WORK REQUIRED: Take the lines from the head of the listing through the one bearing "Asortishey B Rh" and copy them exactly, leaving every picture out.

MATERIAL SUPPLIED:
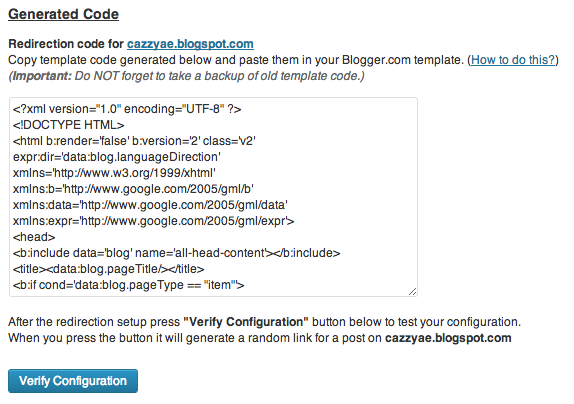 Blogger to WordPress redirection code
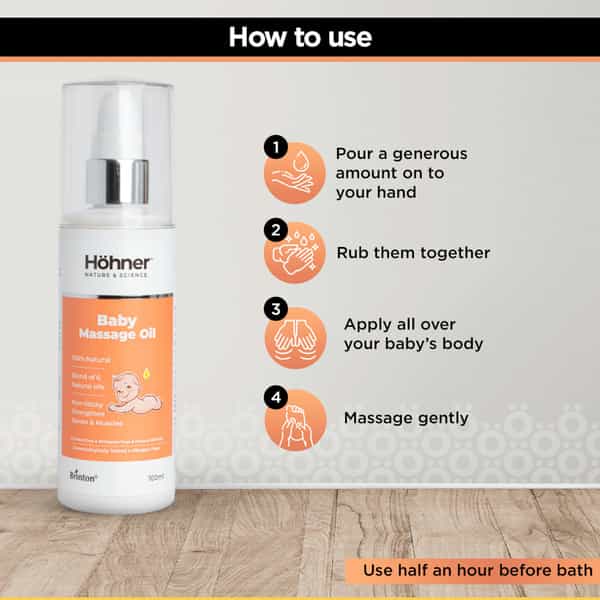 Hohner Baby Massage Oil With 100% Natural Dermatologically Tested And Clinically Proven|100 Ml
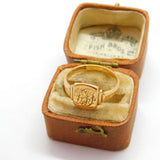 9ct Yellow Gold Monogram Initial Signet Ring 1945 Chester Antique Art Deco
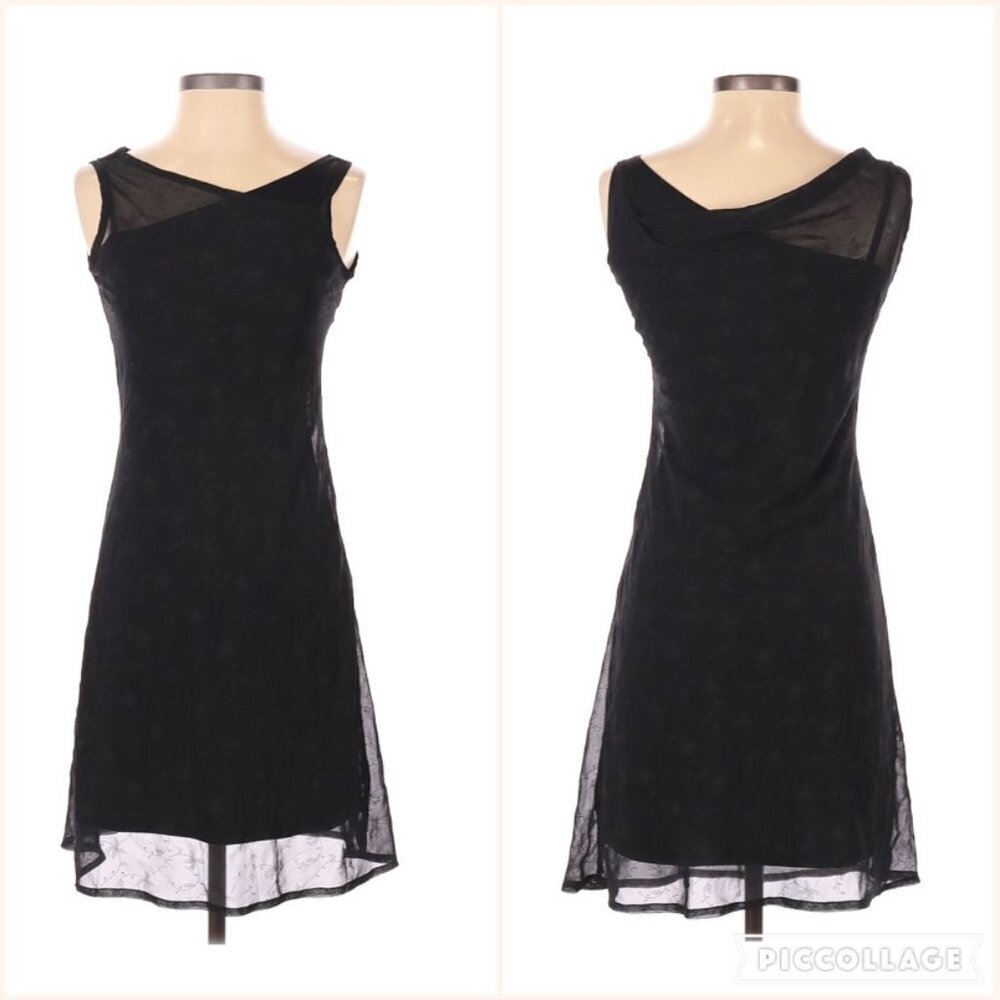 Sheer Black Short Dress with Slip Size 2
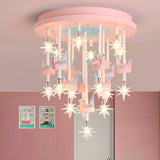 Paper Crane Star Pink Metal Small Kids Room Chandelier Image - 1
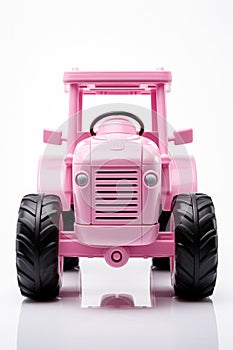 Pink Toy Toy Farm Tractor White Background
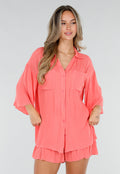 Koraal Matchende Set met Blouse, Shorts en Elastische Taille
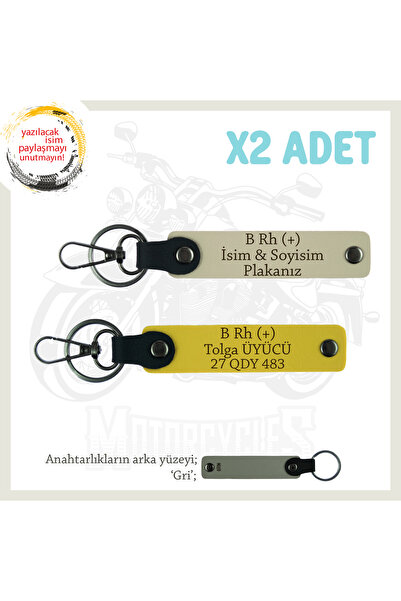 Asortishey B Rh (+) Blood Group Written Personal X2 Keychain, Yellow-S Brown-...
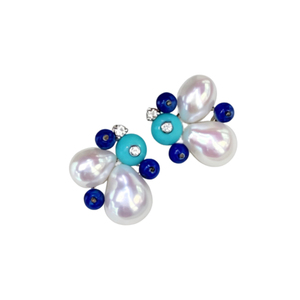 Artisan Designer Irregular Baroque S925 Sterling <b>Silver</b> <b>Stud</b> <b>Earrings</b> With Lustrous Freshwater Keshi Pearls Inlaid Matte Natural - Product Image 1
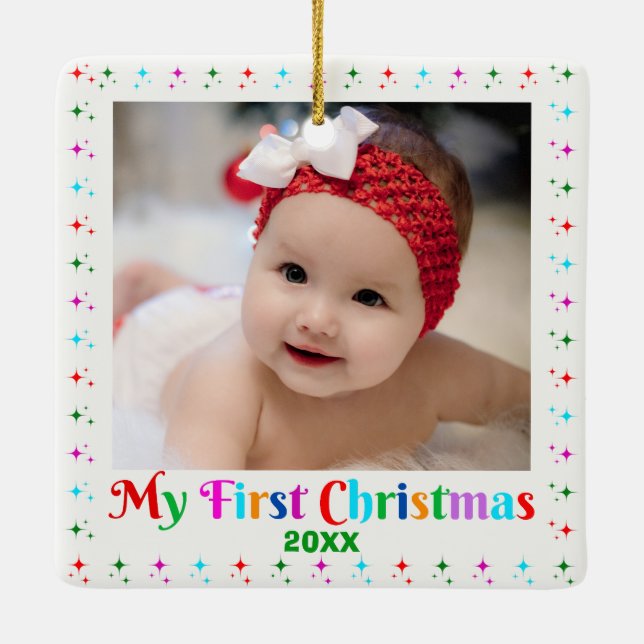 Niedliches Baby's First Christmas Foto von White Keramikornament (Rückseite)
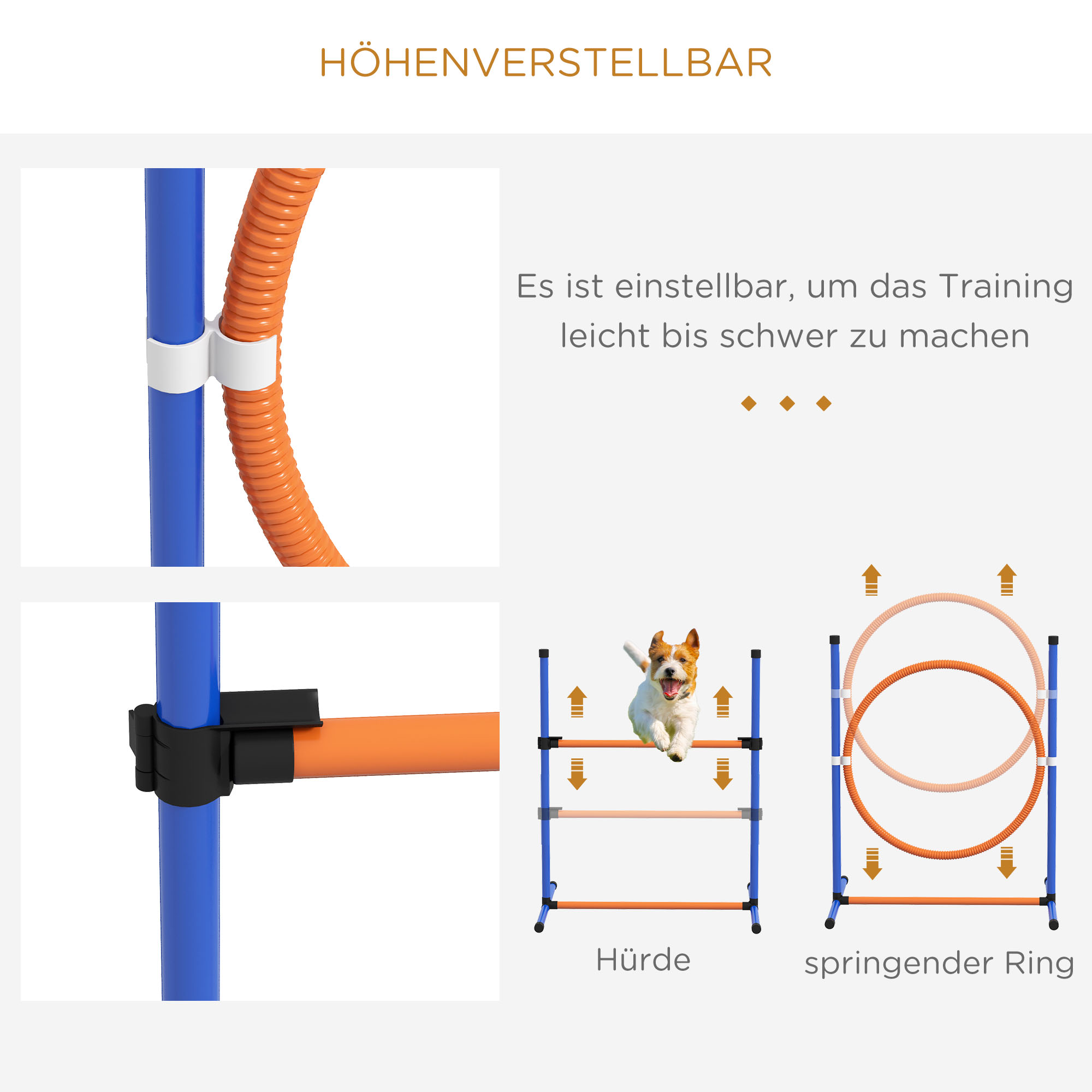 Hunde-Agiliy-Set Hundeparcours, 1 Reifen, 1 Hürde, 1 Slalom-Set, 352 cm x 66 cm x 69 cm, Blau + Rot
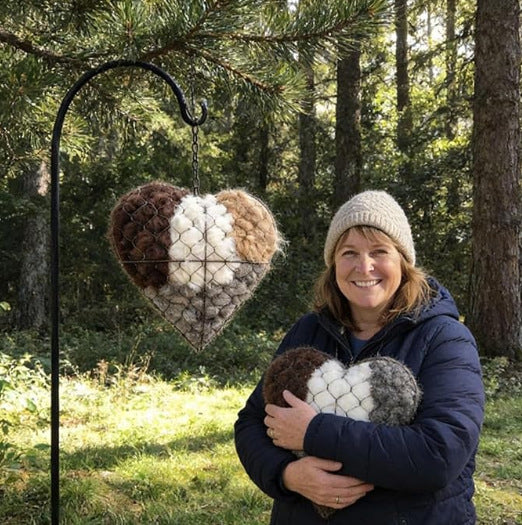 Handmade Fiber Bird Nesting Heart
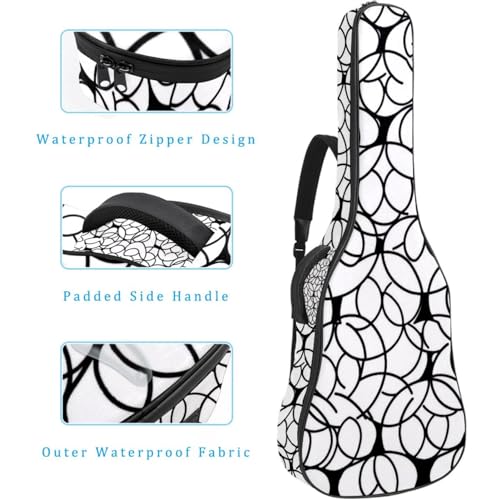 Housse guitare acoustique 42.9" imperméable noir géométrique à compartiments - 4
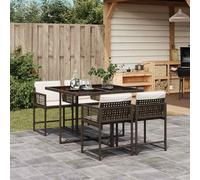 vidaXL Set da Pranzo da Giardino 5pz con Cuscini in Polyrattan Marrone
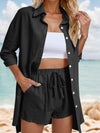 Explore More Collection - Pocketed Button Up Shirt and Drawstring Shorts Set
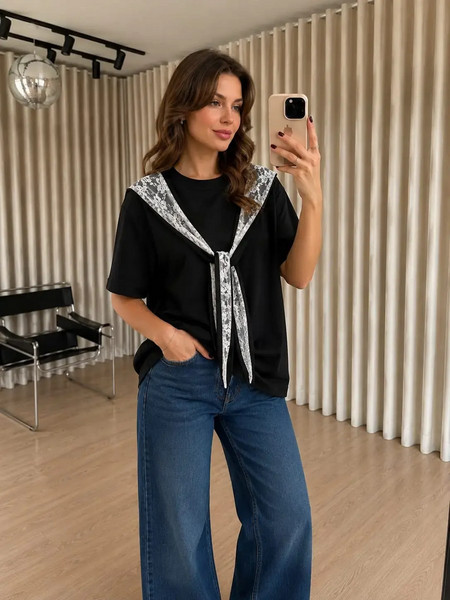 Γυναικεία Μπλούζα Kinzi Μαύρη Oversize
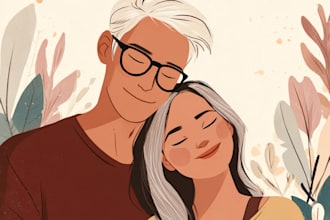 draw a cute cartoon couple portrait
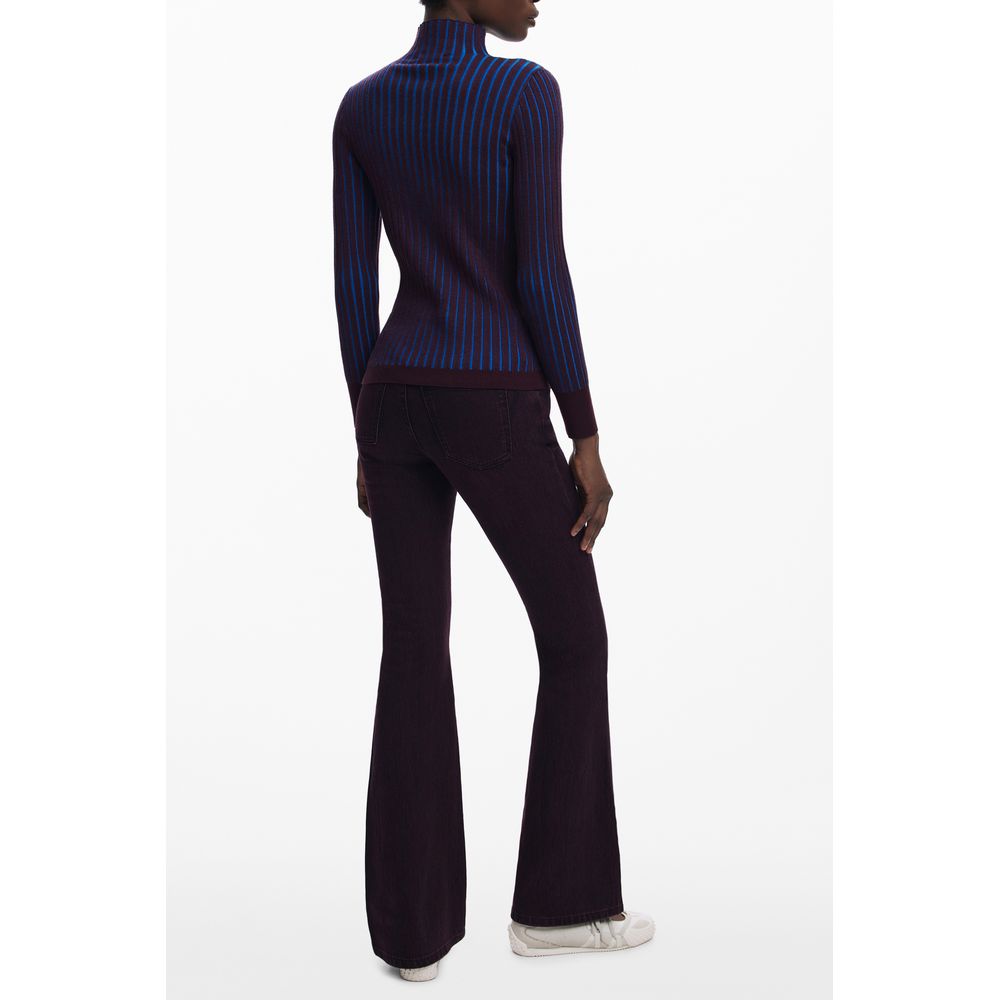 Desigual Brown Long-Sleeved High-Neck Sweater
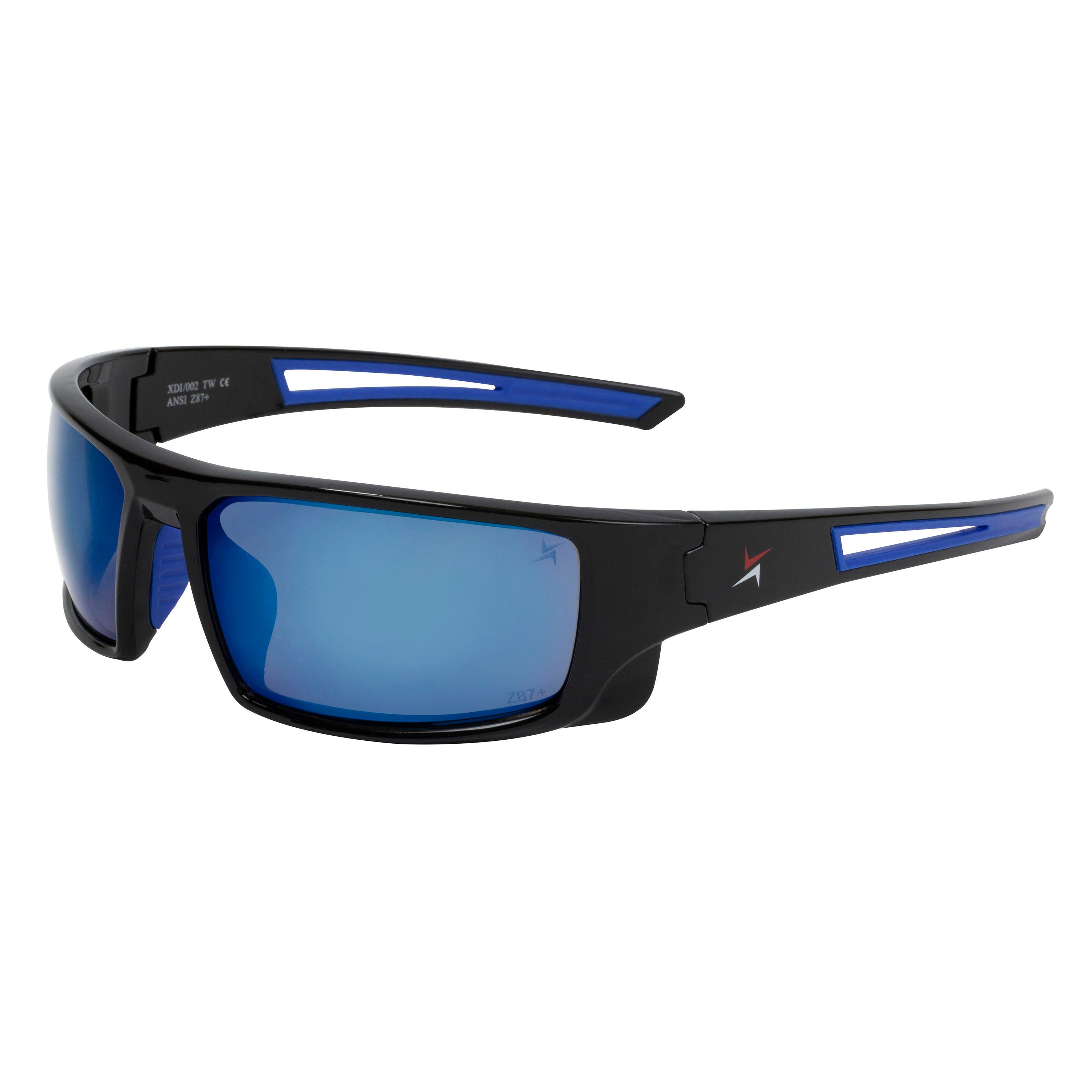 Blue Mirror Lens Sport Safety Sunglasses with Blue Rubber Accents.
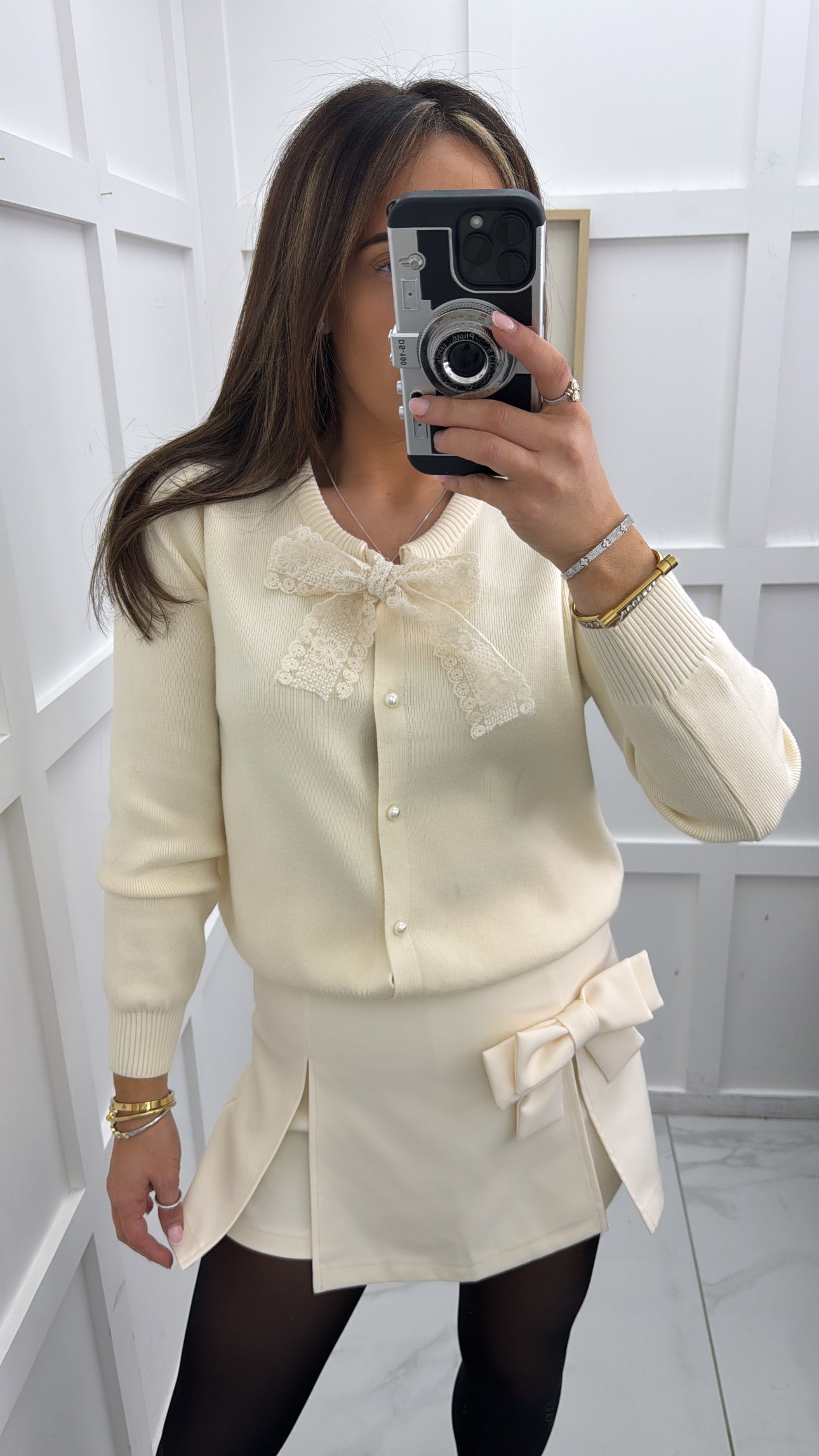 TARA cream cardigan with lace detail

OUTPUT FOR THIS TASK:
 Blogger to WordPress redirection code
 Hohner Baby Massage Oil With 100% Natural Dermatologically Tested And Clinically Proven|100 Ml
 9ct Yellow Gold Monogram Initial Signet Ring 1945 Chester Antique Art Deco
 Sheer Black Short Dress with Slip Size 2
 Paper Crane Star Pink Metal Small Kids Room Chandelier Image - 1
 Pink Toy Toy Farm Tractor White Background
 Koraal Matchende Set met Blouse, Shorts en Elastische Taille
 Asortishey B Rh (+) Blood Group Written Personal X2 Keychain, Yellow-S Brown-...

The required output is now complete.